A cannon set beneath the landing fired one round, and that seemed to set off every other gun. Emplacements on the distant trees began lashing out with tracers and flares, fireballs and concussive blasts. And then the big fletch finally decided on a worthy target, every spotlight pulling together, creating a single beam that illuminated something that was directly beneath.
The ship’s guns fired while its engines throttled up.
Air was being explosively ejected from a giant’s puckered mouth.
Diamond expected to see a corona and didn’t. Instead he saw an unexpected shape following the joined beam of light. The shape had to be made of light because it was too quick to be real, appearing in an instant and chasing the spotlights toward the machine that was struggling in vain to get out of the way. Diamond didn’t see trailing necks or heads, and the normally rounded body was distorted, made long by its velocity and the thin cold air rushing past it and the rapid sharp bursts of air that he still hadn’t heard. He saw nothing clearly save for a brilliant flash of light that was purple laid over colors far beyond purple, and what was obvious was that these two objects would have to collide.
Now he heard the air thundering out of the corona’s mouth.
The fletch’s belly guns fired furiously, and at the last moment, someone thought to kill the spotlights, which accomplished nothing.
The corona was half-grown, riding on a column of jetted hot air, and papio wings couldn’t fly that fast. The impact took no time. The fletch was intact, full of people and hydrogen and machinery and ammunition, and then it was bored through and torn to shreds, all of those pieces hanging fixed in the air while the corona continued to rise, giving no signs of slowing.
More coronas appeared. All of them were young, all rocketing past the landing, and Diamond put his hands on his stubbly head and yanked at his ears while his mouth twisted in anguish, leaking a moan, numbing breathless fear rendering him impossible heavy.
The fletch was shattered and now falling, but the sound of that titanic impact finally arrived—bladders bursting, the skeleton shattering—and buried inside that uproar was a voice and a name, and it took another moment for him to recognize the name.
“Diamond,” said the voice.
Seldom was standing directly in front of him.
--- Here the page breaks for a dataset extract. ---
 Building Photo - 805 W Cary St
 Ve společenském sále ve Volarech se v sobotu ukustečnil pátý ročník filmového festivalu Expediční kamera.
Elata was holding Seldom’s arm, dragging him along. She hadn’t noticed Diamond. She intended to pull her friend back to the building, and to help keep Seldom moving, she shouted, “Go,” and, “Go,” again with a furious hoarse voice.
The three of them ran.
And the coronas raced past, turning the landing bright and purple with red waves and twisting flashes of blue and gold. Giants by the hundreds were rising, and the air shook with their jets, and the entire landing jumped while the cannons fired as fast as they could, except it was easy to miss hearing any of them.
Elata was holding Diamond’s hand now, not Seldom’s, and nobody could remember how that happened.
Every doorway into the abattoir was closed. Desperate people were shoved against the small doorway where they entered earlier. The first row of bodies kicked the steel and begged in high shrieking voices, and then the next ranks pushed against them, leaving no room to kick and no breath to use in their pleading. Seldom tried to claim Elata’s other hand, except she was still carrying her purse. She looked at him and then Diamond, surprised to find him joined to her. She wanted to be pleased. The beginnings of a smile shone in the corona light, and then something was above them, close and coming fast, and she flinched reflexively and the other two knelt with her, and a corona fell onto the landing, first with its heads and ropy limp necks and then its exhausted, doomed body.